As a brief aside, the rtweet function also interfaces nicely with ggplot and other visualization libraries to produce nice plots of the results above. For instance, let’s make a plot of the frequency of tweets about Korea over the past few days:

ts_plot(korea_tweets, "3 hours") +
  ggplot2::theme_minimal() +
  ggplot2::theme(plot.title = ggplot2::element_text(face = "bold")) +
  ggplot2::labs(
    x = NULL, y = NULL,
    title = "Frequency of Tweets about Korea from the Past Day",
    subtitle = "Twitter status (tweet) counts aggregated using three-hour intervals",
    caption = "\nSource: Data collected from Twitter's REST API via rtweet"
  )

The search_tweets function also has a number of useful options or arguments as well. For instance, we can restrict the geographic location of tweets to the United States and English-language tweets using the code below. The code also restricts the results to non-retweets and focuses upon the most recent tweets, rather than a mixture of popular and recent tweets, which is the defualt setting.

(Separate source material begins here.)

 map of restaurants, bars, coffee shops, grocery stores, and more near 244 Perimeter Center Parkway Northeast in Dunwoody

nk_tweets <- search_tweets("korea",
  "lang:en", geocode = lookup_coords("usa"), 
  n = 1000, type="recent", include_rts=FALSE
  )
## Searching for tweets...
## Finished collecting tweets!

rtweet also enables one to geocode tweets for users who allow Twitter to track their location:

geocoded <- lat_lng(nk_tweets)

We can then plot these results as follows (you may need to install the maps package to do this):

library(maps)
par(mar = c(0, 0, 0, 0))
maps::map("state", lwd = .25)
with(geocoded, points(lng, lat, pch = 20, cex = .75, col = rgb(0, .3, .7, .75)))

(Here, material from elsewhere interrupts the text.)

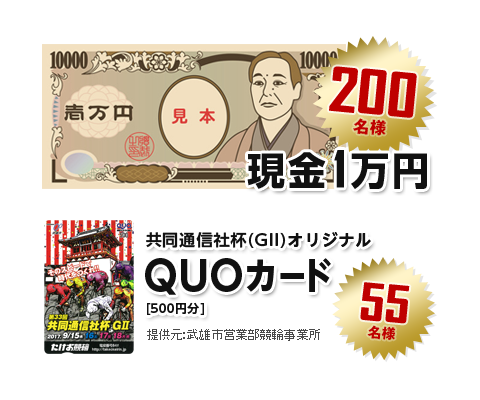 現金1万円 200名様　共同通信社杯（GII）オリジナルQUOカード（500円分） 55名様　武雄市営業部競輪事業所
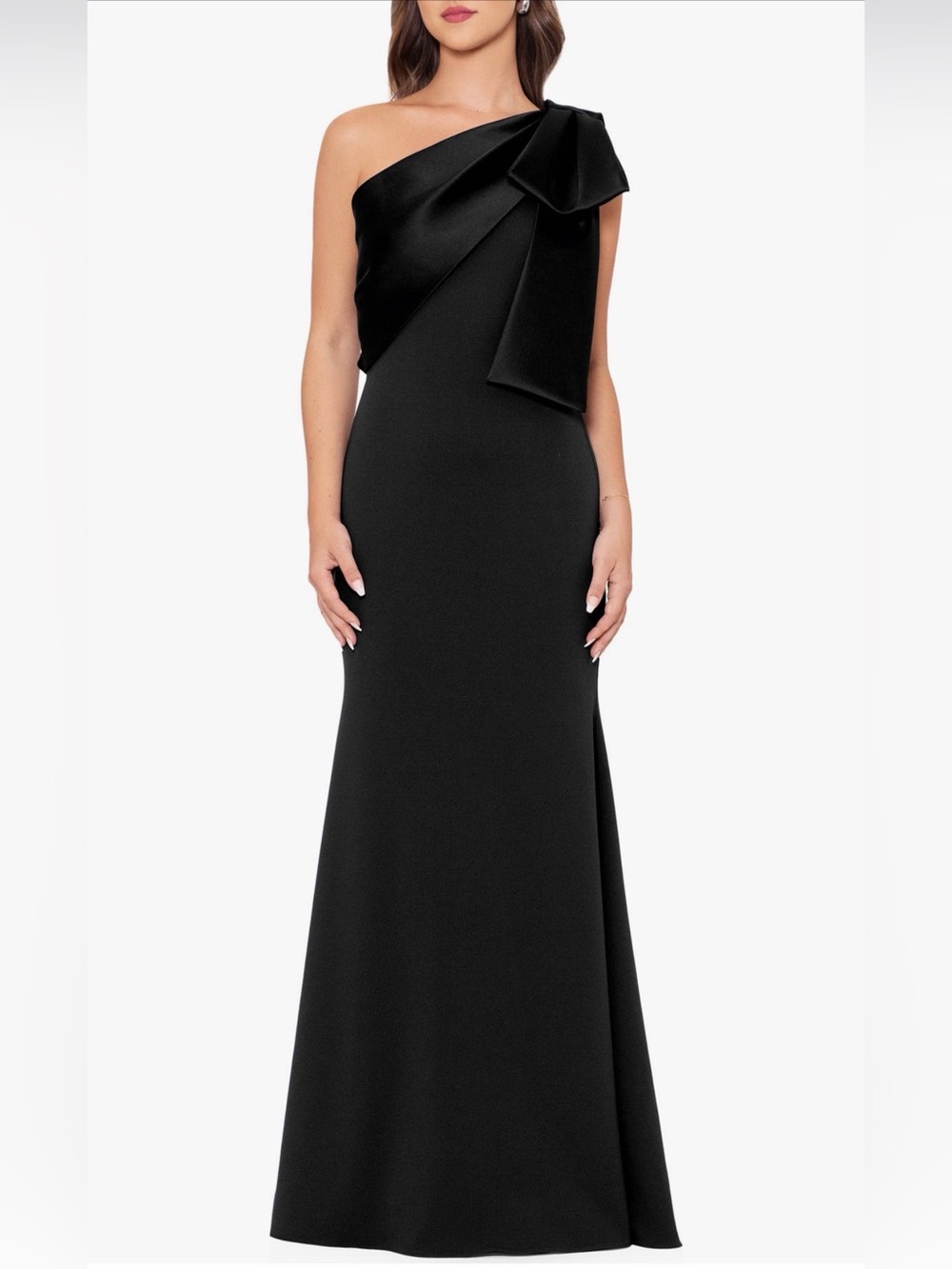 Betsy Adam Satin Bow Mermaid Maxi Dress Size 8 B2260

We don’t see all 100 tweets in this diagram for an important reason— we are only looking at people who allow Twitter to track their location (and this is roughly 1 in 100 people at the time of this writing).

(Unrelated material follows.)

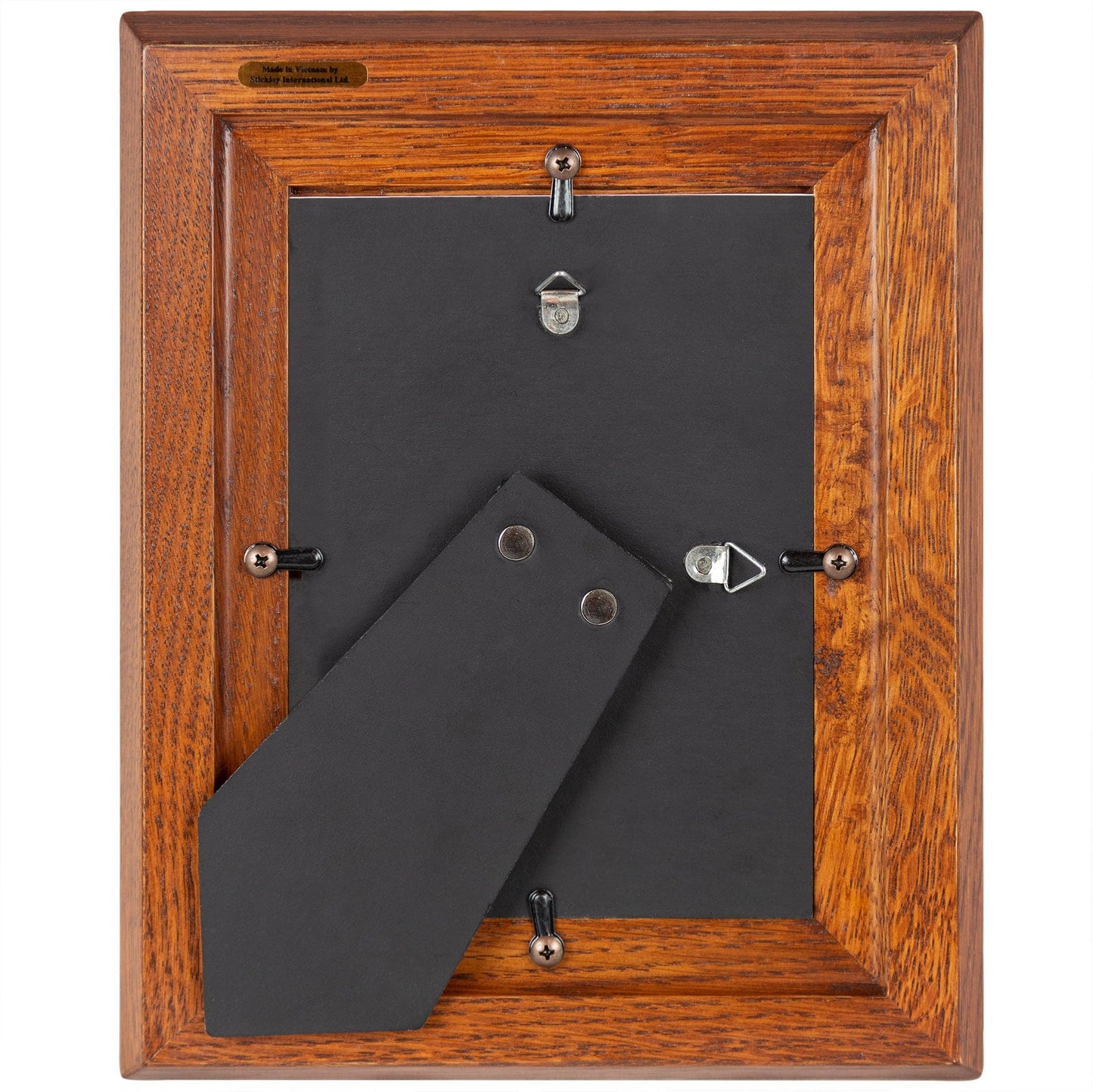 Stickley 5 x 7 Mission Picture Frame, Solid Oak, Mission Style, Horizontal or Vertical Orientation, Easel Back and Hanging Hooks, Gift Box, 8.5 x 10.5in Frame Holds 5 x 7in Photo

Twitter’s API is also very useful for collecting data about a given user. Let’s take a look at Bernie Sander’s Twitter page: http://www.twitter.com/SenSanders. There we can see Senator Sander’s description and profile, the full text of his tweets, and—if we click several links—the names of the people he follows, those who follow him, and the tweets which he has “liked.”

First, let’s get his 5 most recent tweets:

sanders_tweets <- get_timelines(c("sensanders"), n = 5)
head(sanders_tweets$text)
## [1] "\"We must move from considering others as threats to our comfort to valuing them as persons whose life experience and values can contribute greatly to the enrichment of our society.\" –Pope Francis\nhttps://t.co/AlVSiZ6L81"                         
## [2] "This nun has a message for the members of the Trump administration who are using the Bible to justify ripping immigrant children away from their parents. https://t.co/kvGC04Zs7A"                                                                      
## [3] "I say to Disney CEO Bob Iger: you can lead this country in ending the type of corporate greed which is causing so much pain. Start paying all of your workers a livable wage with decent benefits. https://t.co/6LVY0gB640"                             
## [4] "Together, we will defeat the Trump administration's inhumane and un-American policy of ripping babies from the arms of their mothers and fathers. https://t.co/eAgmL4pB3t"                                                                              
## [5] ".@SenMikeLee and I call on Sec. Mattis to immediately disclose the full extent of the U.S. military role in the Saudi-led war against Yemen’s Houthis and issue a public declaration opposing the impending assault on Hodeida. https://t.co/jZx5G2Je7i"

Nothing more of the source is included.